Tampoco han sido infrecuentes los casos en los que los gobernadores del PRI se han hecho con el control del PRD en sus estados y han puesto a la cabeza del perredismo a sus validos. Alejandro Encinas cuenta que, cuando fue candidato a la presidencia del partido, pidió una audiencia con Peña Nieto, entonces Gobernador del estado de México; en la reunión, Peña le preguntó qué se le ofrecía y Encinas le respondió que iba para hablar con el dirigente real del PRD en el estado.

La ruptura del caudillo López Obrador con los grupos que mantienen el control de la estructura local del partido, para poner casa aparte y evitar la monserga de la negociación entre tribus, abrió una crisis profunda en el PRD, incapaz de resolver el conflicto por la dirección entre sus propias filas. Sin renuevo generacional, pues son pocos los cuadros jóvenes que han logrado ascender en el enmarañado sistema interno de promoción, cerrado a las redes de lealtad clientelista y repelente para todo aquel que pretenda hacer política con base en las ideas, el equilibrio catastrófico entre grupos llevó a que buscaran un relevo al caudillo afuera de sus filas. Lo que consiguieron fue a Agustín Basave.

El presidente que cayó a la tierra sabe que la única baza a la que puede apostar para consolidar su liderazgo es evitar el derrumbe electoral del partido y conseguir algún triunfo en las elecciones locales de este año.

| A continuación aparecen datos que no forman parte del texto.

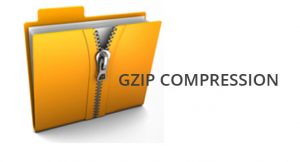 723239263726 300x162 فعال کردن قابلیت Gzip در سایت ها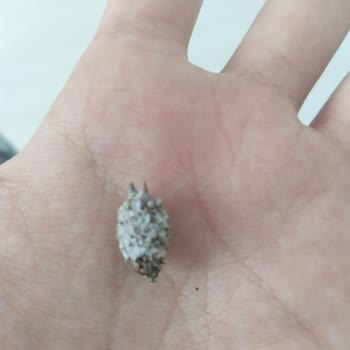 Çekirdek Paketinden Çıkan Diken Parçası Sağlık Riski Oluşturdu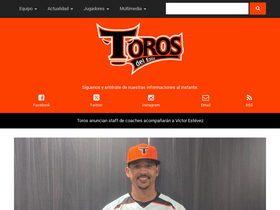 torosdeleste.com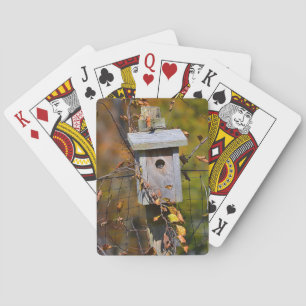 Bird House Spielkarte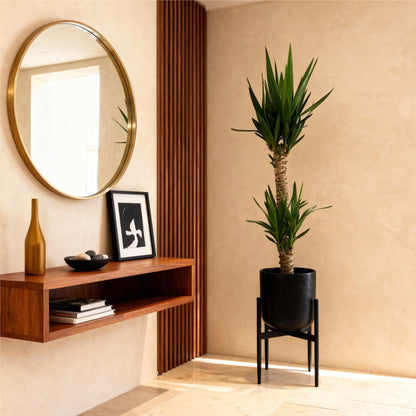 Kamerplant - Yucca elephantipes - Yucca - Weinig onderhoud - Groen - 1 - Pot 19cm - Hoogte 95cm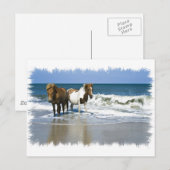 Paardenband Briefkaart (Voorkant / Achterkant)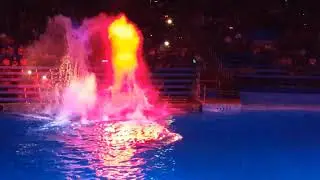 SHAMU SHOW GOES COMPLETELY WRONG! SEAWORLD SAN ANTONIO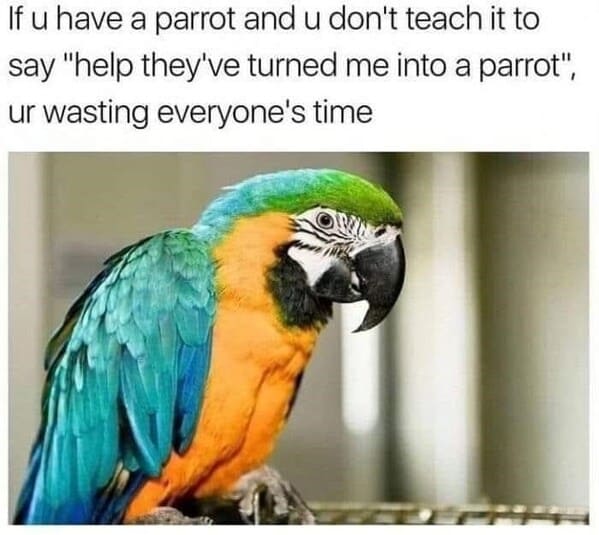 if-u-have-parrot-and-u-dont-teach-say-help-theyve-turned-into-parrot-ur-wasting-everyones-time.jpg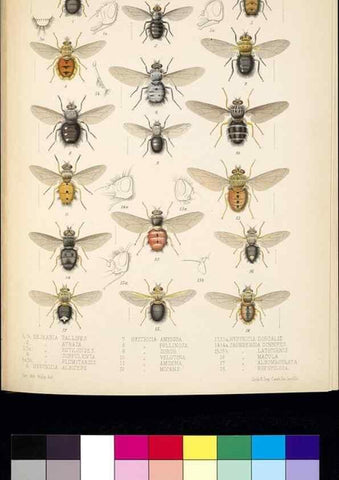 Reproducción/Reproduction 35727778771: Biologia Centrali-Americana :. [London :Published for the editors by R. H. Porter],1879-1915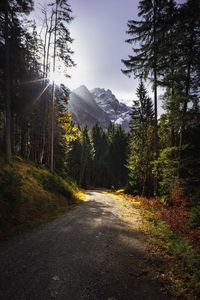 Превью обои тропинка, горы, лучи, деревья, солнце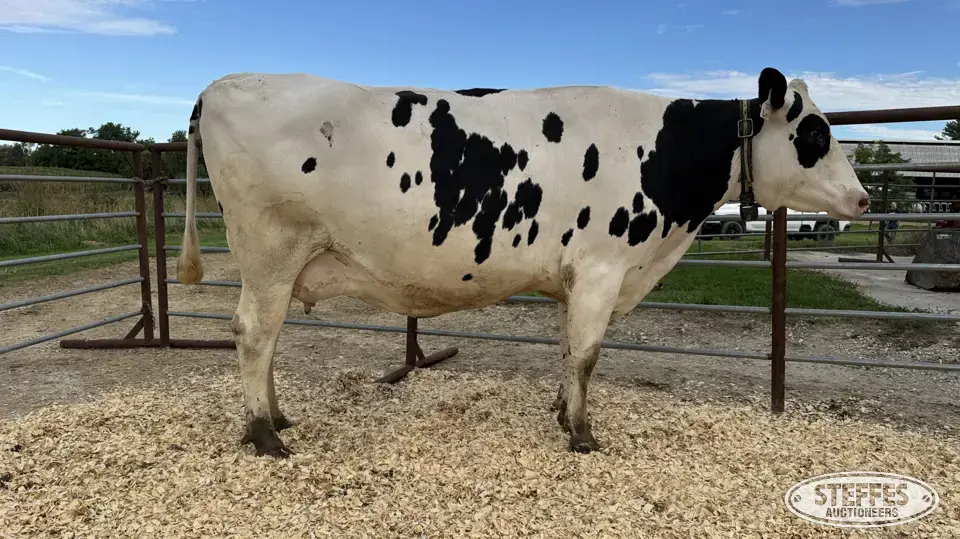 Holstein Cow - Tag 721 Dairy Cattle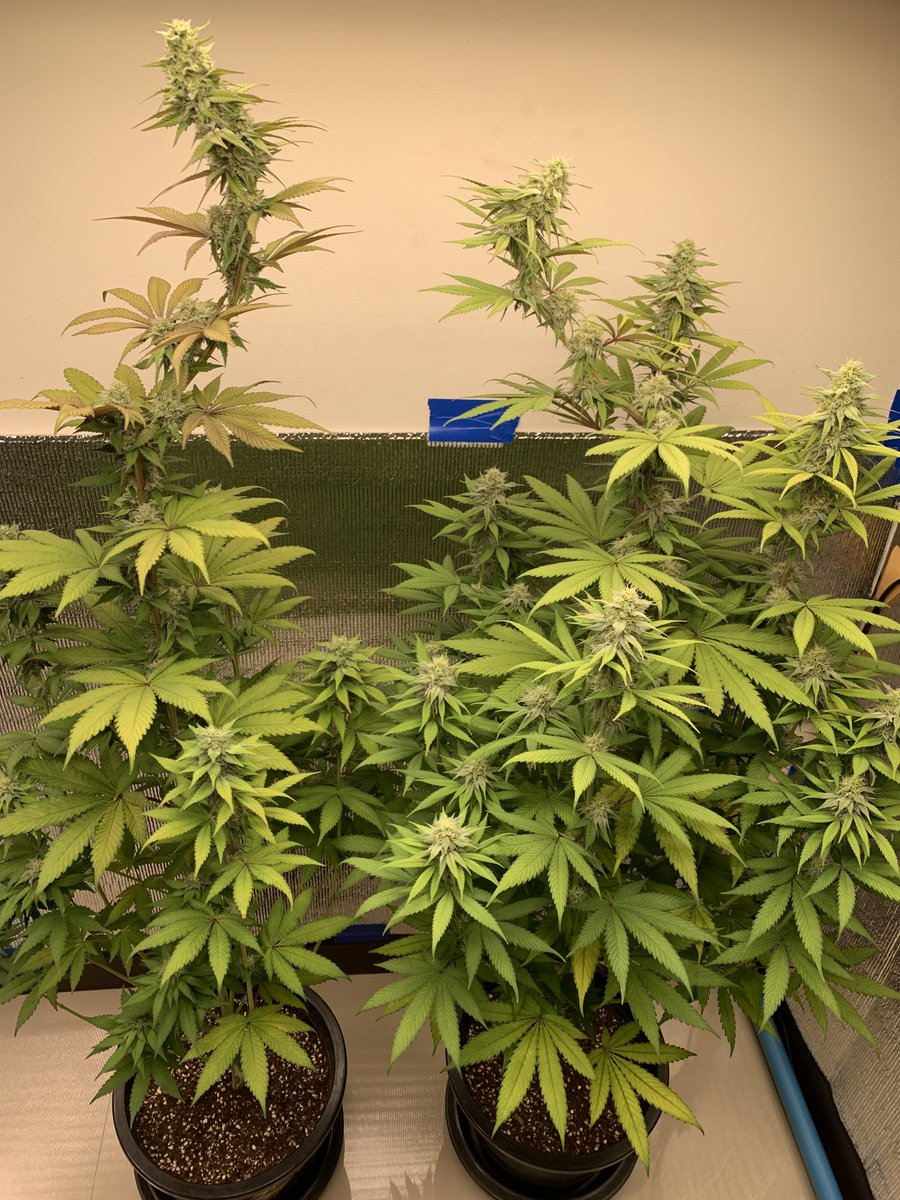 RaysPlace420's tweet photo. 1st pic: 2 #GushMintz from seed #SeedsmanSeeds
2nd pic: #GushMintz (clone) left &amp; #SourCherry (clone)
3pic: left in back #OGKush &amp; #GushMintz im front
In the middle #EgoPuch (gets ✂️ today)
And all of the above in clones in the veg tent
3 flip today and make two new clones
Cheers https://t.co/GE4iLP6Dot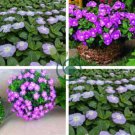 Vinca Bonsai Flower Mix Cover Behind House Jardin Perennial Flowers 200 Seeds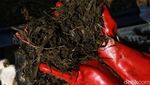 Begini Sampah Sayur Diubah Jadi Pupuk Organik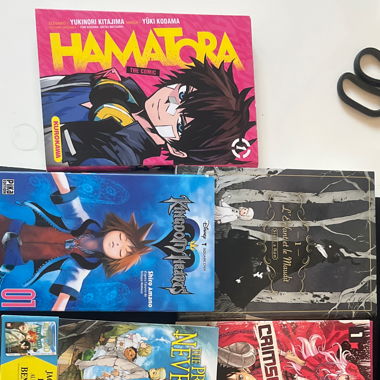 Manga en tout genre 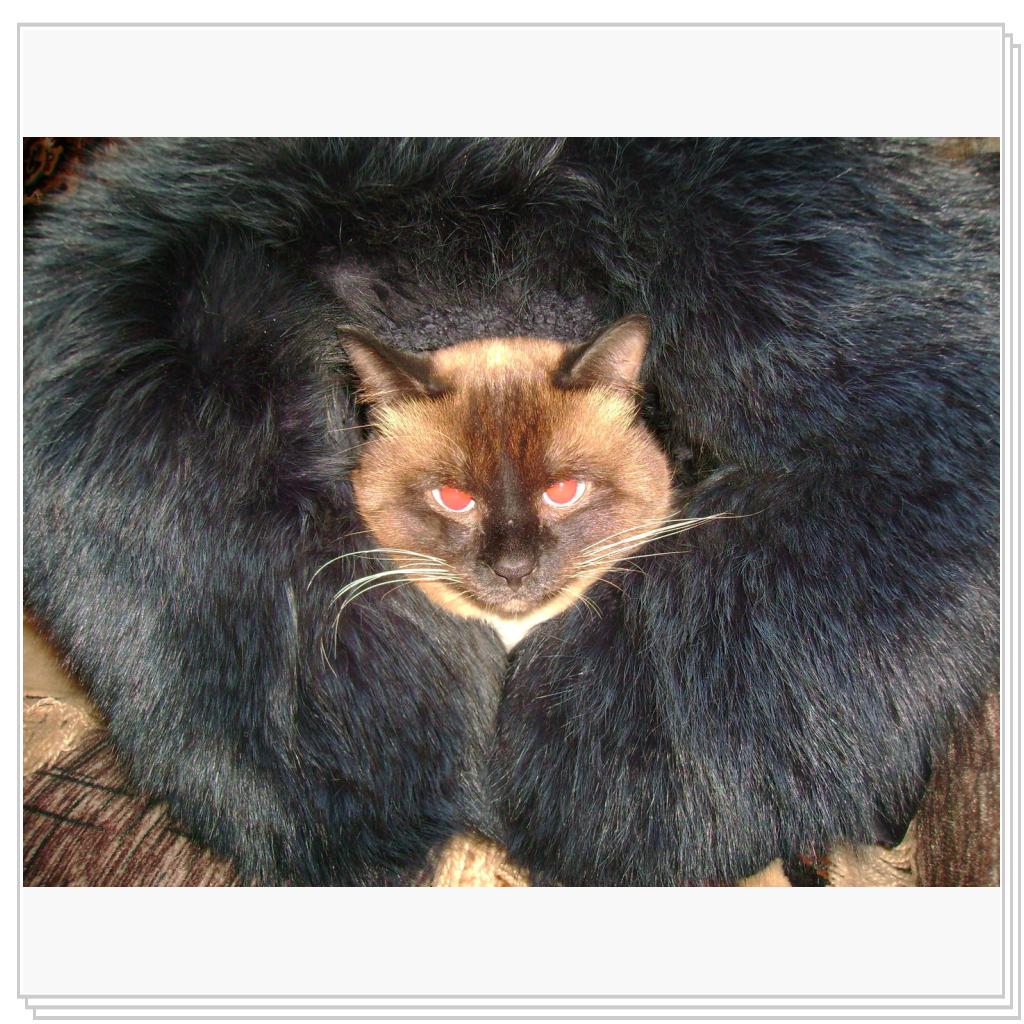 похолодало...гриву примерил...по цвету не подошла  :)))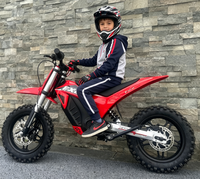 Toptan Çapraz Motosiklet Ucuz Fiyatlı Yetişkin Elektrikli Motosikletler Hızlı E-Motosiklet Uzun Menzilli Çocuklar İçin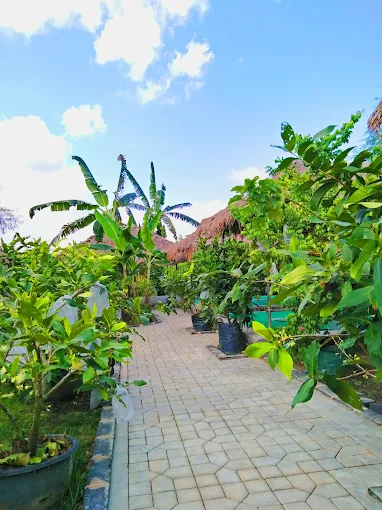 Gambar Kampung Sawah 20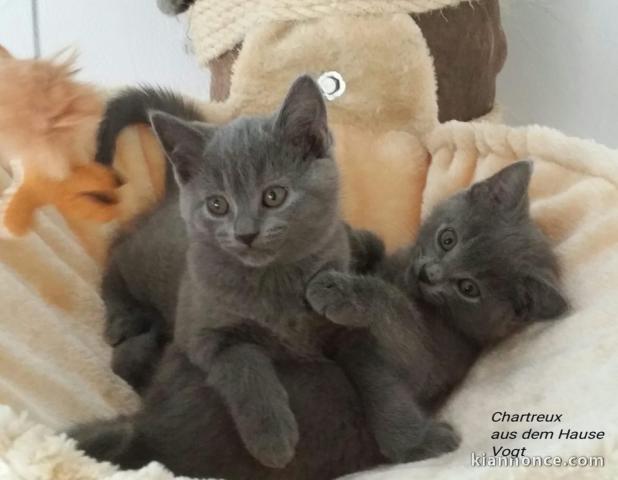 Deux chatons chartreux à adopter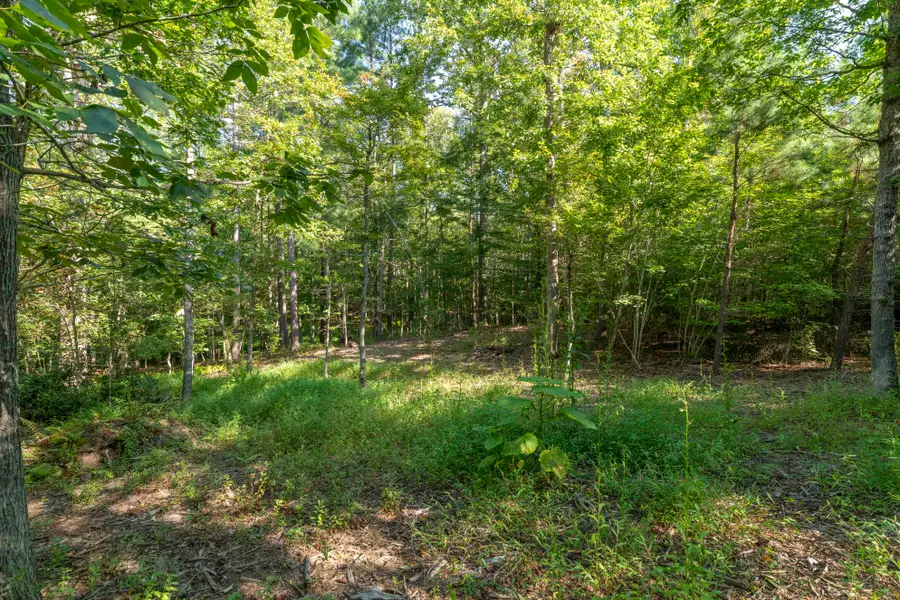 3860-2 Gilbert Station Rd #lot 2, Barboursville, VA 22923 - Image #3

Sabe también que el PRD por si mismo no está en condiciones de ganar en ningún estado, y como el PAN tampoco está en el mejor momento para obtener triunfos, ha decidido pactar con el partido de la derecha el reparto de territorios para intentar la derrota del PRI y lograr con ello al menos mantener el botín que actualmente administran.

Sin embargo, Basave se enfrenta al problema de que varios barones partidistas están a sueldo de los gobernadores del PRI y no están dispuestos a perder sus prebendas en aventuras inciertas, por lo que han obstaculizado la estrategia. En un gesto histriónico, puso su renuncia sobre la mesa para forzar el acuerdo y parece que ha ganado el pulso. A pesar de ello, la inercia institucional del PRD hará que tarde o temprano la organización estalle si no vive un proceso serio de reforma.